The Quest for Perfect

Some might say I’m a bit neurotic. I’m not neurotic; I’m… particular. I like things done a certain way, and I think that way is my way. My way = the right way. (My husband does not agree.)

A shrink would tell me that this stems from my childhood. My father is also… particular. He, too, likes thing done his way. So much so that he would rather do something on his own than accept help from someone who might do things differently. Example: when I was growing up and I would make my bed, he would go behind me and re-make it because he liked the way his method looked better.

And while that drove me absolutely crazy growing up, I have found that I am more like my father than I’d like to admit.

My quest for perfection has caused me to do some over the top things.

  • When I was in college, I would tear up my notes and start over if I didn’t like my handwriting.
  • I color code my calendar. I use 6 different color sharpies for different categories. I can’t just scratch things out if they get cancelled. I have to use white out.
  • I find it impossible to “pick up” or “lightly clean” my house. Every time I clean I am dusting baseboards, scrubbing the floor, steam mopping, etc.

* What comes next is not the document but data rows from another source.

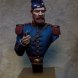 79th New York Highlanders Infantry American Civil War bust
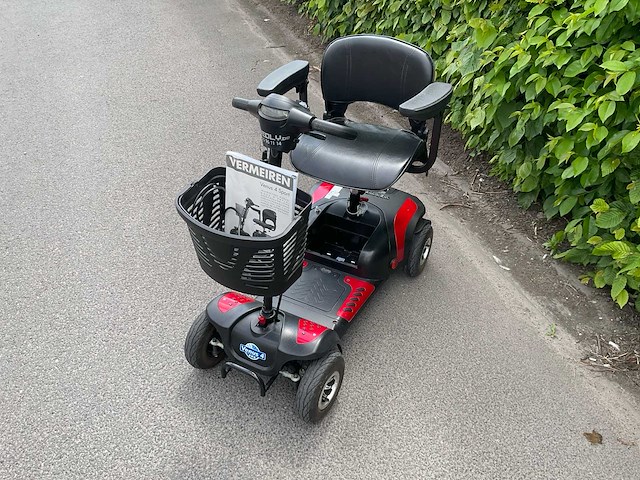 Vermeiren - venus 4 sport - e-scooter - afbeelding 1 van  8
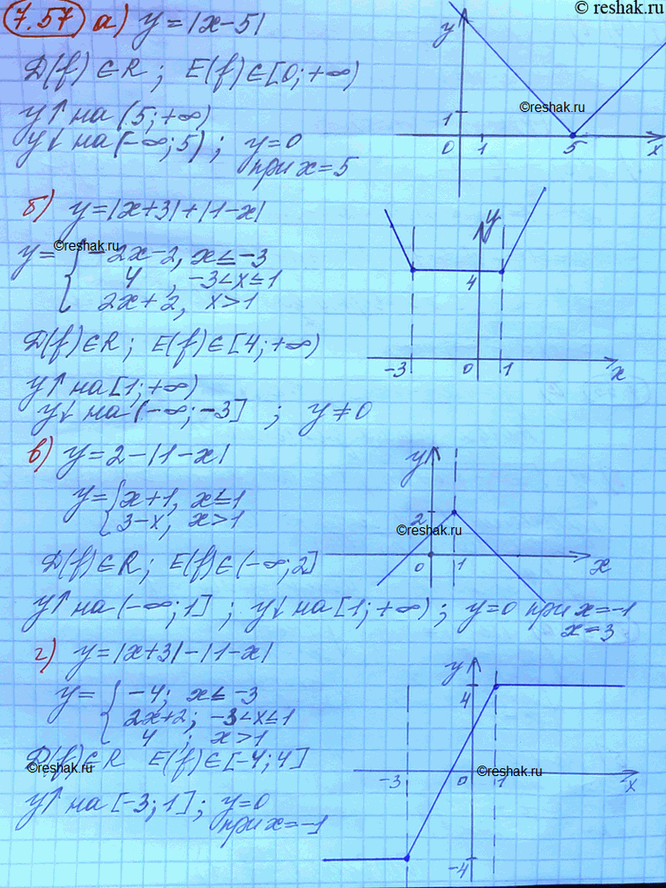 ����������� ���.7.57 ��� ���������� 10 ����� ���������� �������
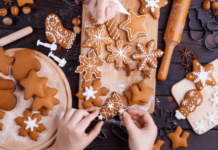 healthy low-calorie cookies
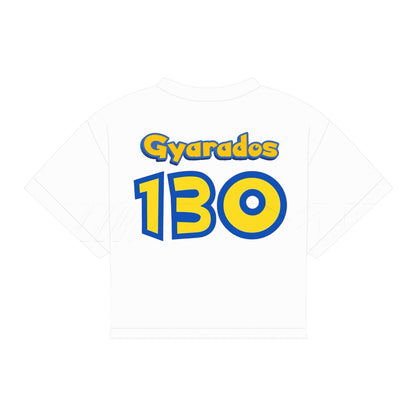 GYARADOS SHIRT | WHITE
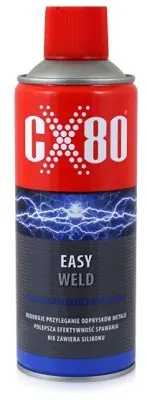 Promocja CX-80 Preparat antyodpryskowy Easyweld 500ml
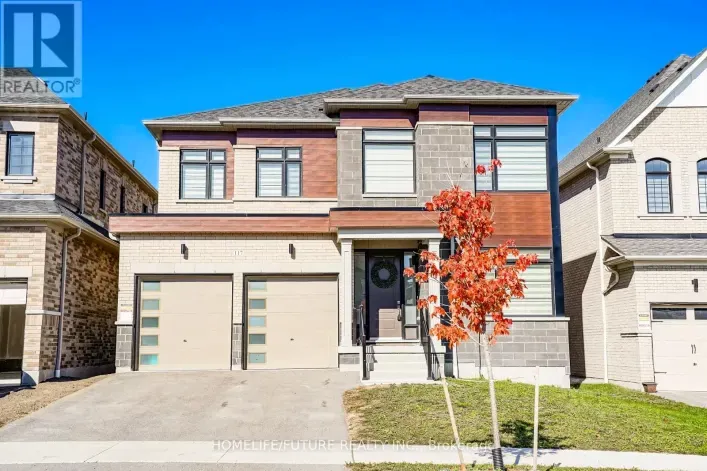 117 DEER RIDGE CRESCENT, Whitby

Frankly, it is exhausting. It is exhausting to me and I know it is exhausting to my family. I can’t do things halfway; I always have to take the more difficult, more time consuming road. And that road comes with its own consequences.

I am stressed more than I should be. I stress about keeping a clean house. I stress about hosting parties and play dates. I stress about Christmas decorations and planting the garden. It’s quite ridiculous, really.

Here’s a perfect example of my crazy: I clean my house like a mad woman before company comes over. I know most of us do this, but I do it to an extreme. Scrubbing toilets the guests won’t use. Cleaning rooms they won’t step foot in. Steam cleaning the carpet and wiping down the baseboards. By the time the party happens or the visitor arrives, I’m so tired that I find I don’t enjoy myself.

There are consequences for my family, as well. My husband won’t load the dishwasher anymore because he says “you’ll just go behind me and do it over.” (I will.) He doesn’t help me with some things around the house because he feels like I am critical of how he gets things done. He will fold clothes, for example, but he will not put them away because he says I am too particular about exactly where the clothes should hang in the closet. (To that I say – long sleeves go together, short sleeves go together, pants go together…)

There was a point recently when I knew I had to change. I had to let go of my quest for perfection because it was negatively impacting my family.

A few weeks ago, I told my son he needed to clean up his playroom. He hemmed and hawed and made up a million reasons why he couldn’t put his toys away. I finally lost my temper and demanded to know why he wouldn’t clean up. “Because, Mommy, I will put them in the wrong place and then you will be mad at me.”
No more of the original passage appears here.